What is English as a Lingua Franca?
English as a Lingua Franca (ELF) refers to the use of English as a medium of communication between peoples of different languages. We include as potential ELF users both those who speak English as an additional language and those who speak English (in any of its social, regional and national varieties) as their main language. So, if you are speaking English with another student who speaks English as an additional language, whether or not English is your main language, you are both using ELF (VOICE/FAQ 2009).
ELF has been studied by linguists interested in how its grammar, vocabulary and pronunciation is different from other varieties of English (Seidlhofer 2005). Other linguists have focussed on ELF as a process, rather than a product; noticing how speakers in multilingual situations are able to monitor each other's response and work out the grammar, vocabulary, pronunciation, rate of speaking, volume, gestures, eye contact and so on that help communicate the messages needed to achieve a specific task (Smith 1983, Canagarajah 2007). Process-oriented ELF analysts are interested in how speakers monitor and adjust their language to meet their needs and the needs of the task they are engaged in.
If you have grown up speaking English, shouldn't ELF be easy?
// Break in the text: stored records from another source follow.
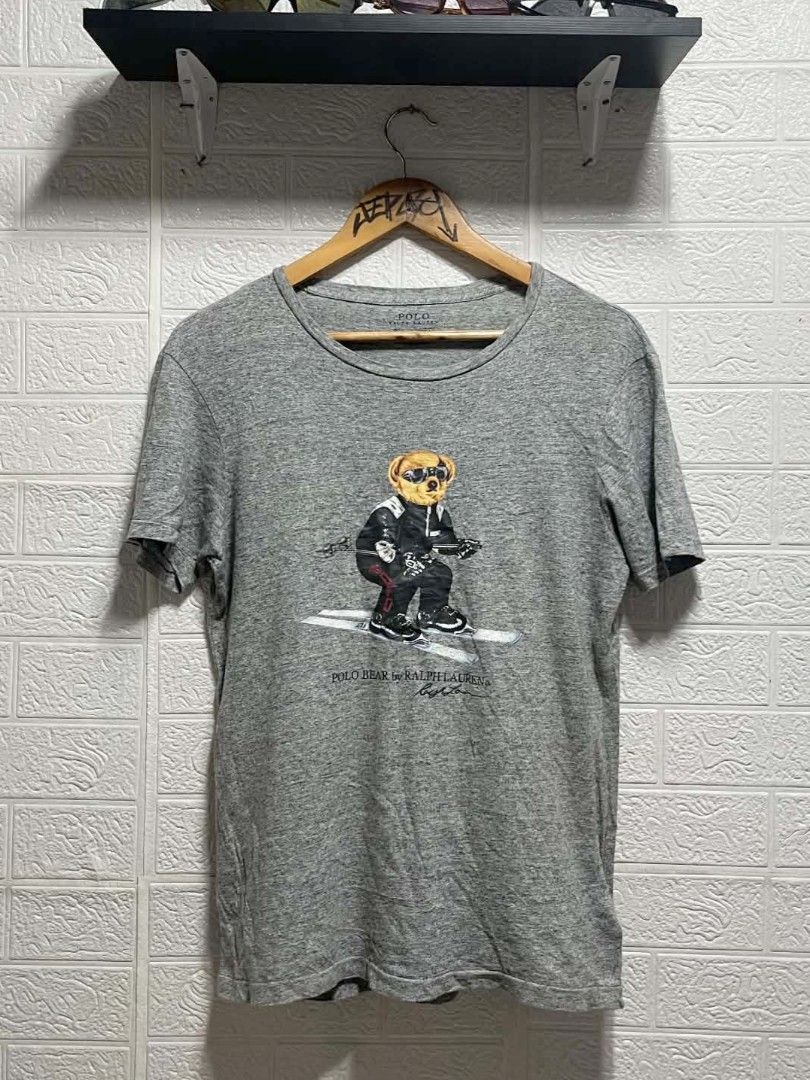 Polo Bear (Category: Formal Shirts) located in Danao, Cebu. Submitted by 6000thrifts.ph (Listing ID 1467728310, Image 1). Description: 450+Shipping Fee 💸 Polo Bear Ralph Lauren 📍 Size Meduim 26/19 Good Condition/Needwash No issue/ Color 9/10 Pm for sure buyer 📥.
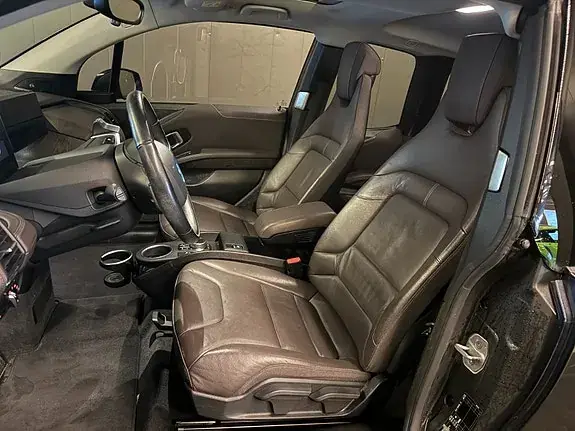 BMW I3 2020 photo 5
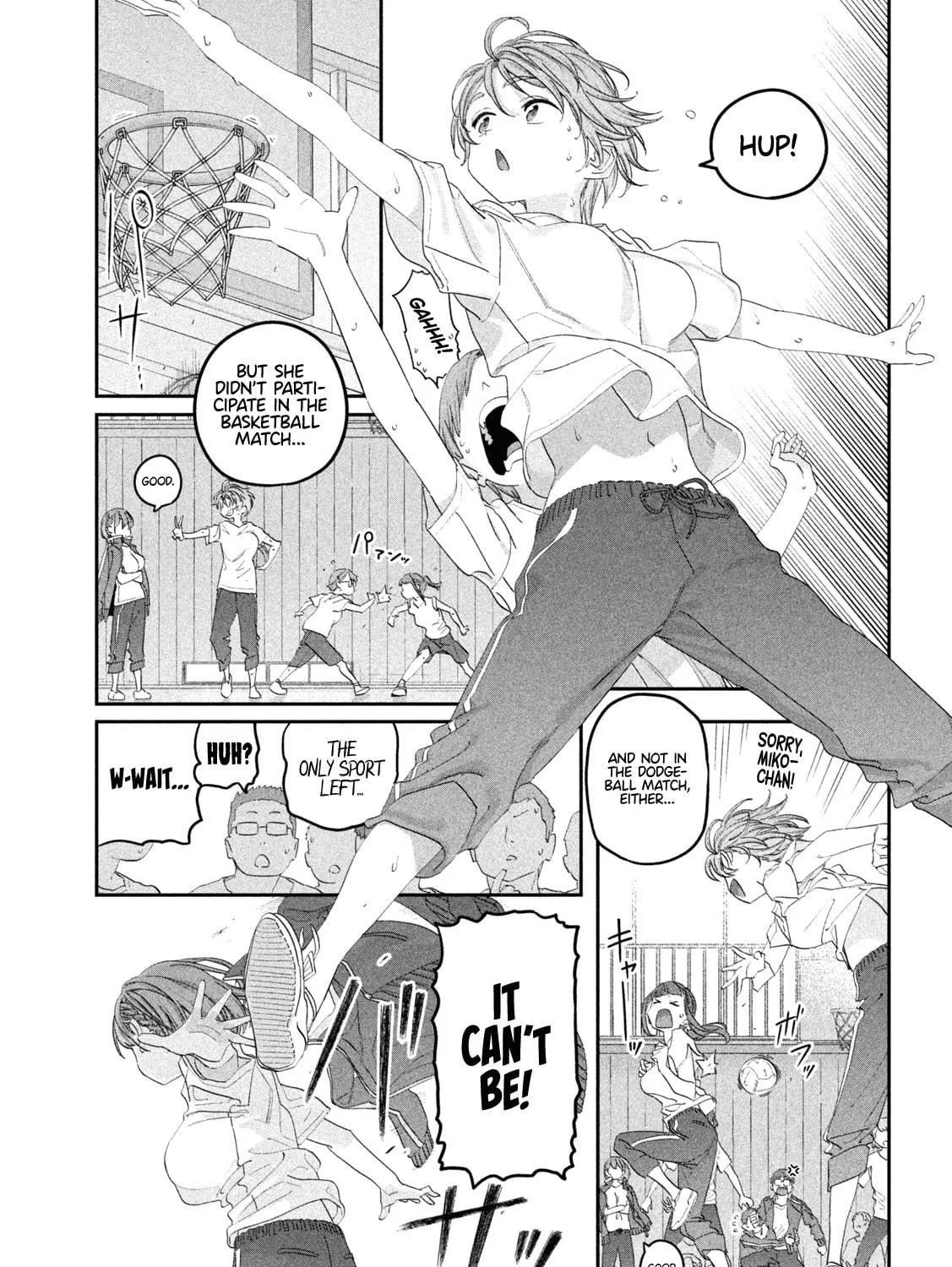 Tawawa on Monday Chapter 105 page 22 - 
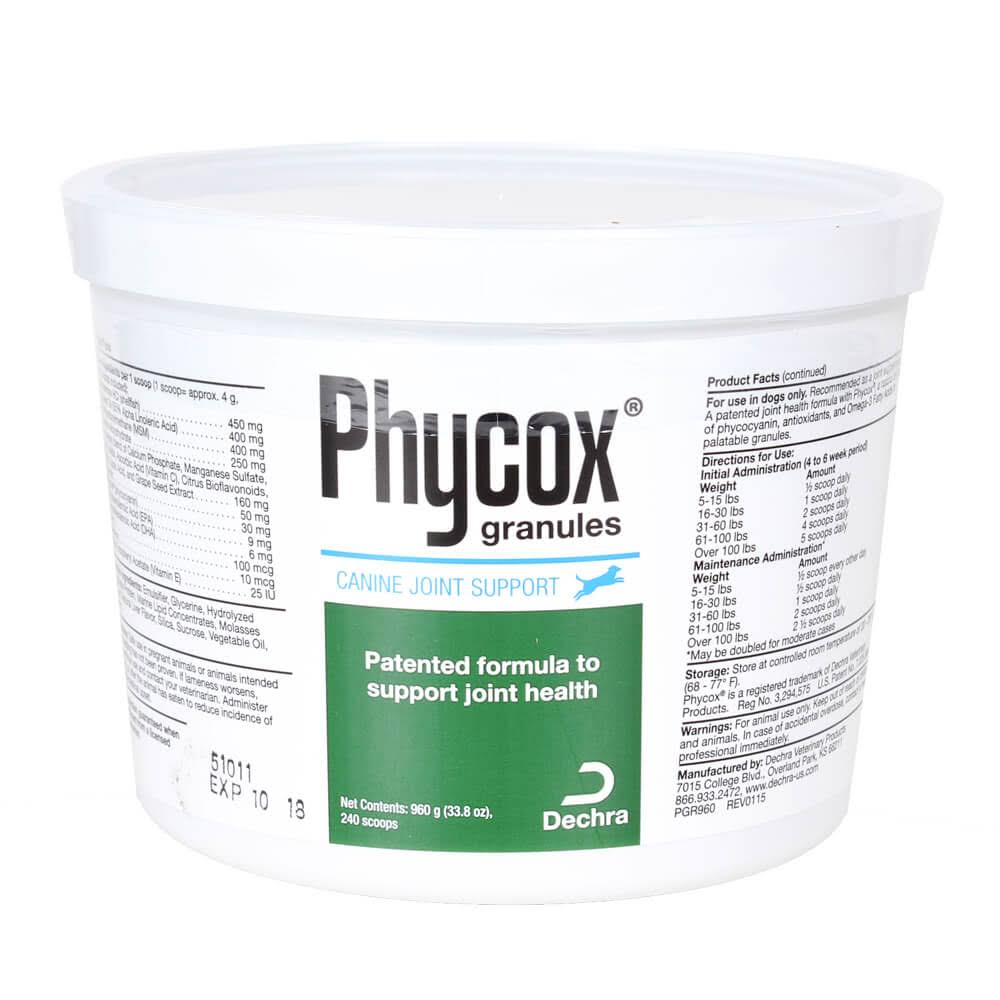Phycox Granules 960 Grams S23017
A number of linguists have suggested that this isn't necessarily the case (Graddol 2006, Rajagopalan 2004, Smith 1983). If English is your only language, you may not have had much practice in thinking about and trying to avoid the grammar, vocabulary and pronunciation that speakers of other languages may not be familiar with. If, however, you have grown up or lived in a multilingual community, or put a lot of effort into learning an additional language, you might have had more practice at monitoring and accommodating speakers of other languages and be better at ELF (Canagarajah 2007).